The night before a battle affected men in various ways. Some spent it drinking and carousing with the camp followers; some spent it hiding in the woods and nervously emptying their bowels; others passed the time playing dice; others in prayer; and still more, like Richard, in contemplating the insignificance of their earthly lives. “No matter what the priests tell you about each of us being important to God,” Richard had once said to his wife, “How can one life mean any more than another among so many throughout the history of mankind? As an anointed king, I must be more important than the beggar in the street, but in truth, I know I am not. When we die and molder in our graves, who will remember us then, one any more than another?”

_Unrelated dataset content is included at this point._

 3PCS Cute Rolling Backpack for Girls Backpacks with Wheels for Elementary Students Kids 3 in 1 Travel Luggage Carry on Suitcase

“God will,” Anne had said simply, “you must believe He will. And because you are a king, your grave will be marked by a fine tomb announcing to the world who you were.” She had laughed then. “If I am lucky, I will lie with you and be remembered, too.” Dearest Anne, he thought guiltily as he lay on his elaborate camp bed, I must see to it that you are remembered.

The night was warm, and his tent was open to any welcome breeze that might waft by. In the past on the eve of battle, Richard had recited his prayers, had a cup of wine with fellow commanders, and slept well. Tonight, he knew, was different. Tomorrow he must fight for his crown as well as his life. He could not quite believe it had come down to this moment. He had acted honorably all his days, he thought, done his duty to his family, England and, lately reluctantly, to God.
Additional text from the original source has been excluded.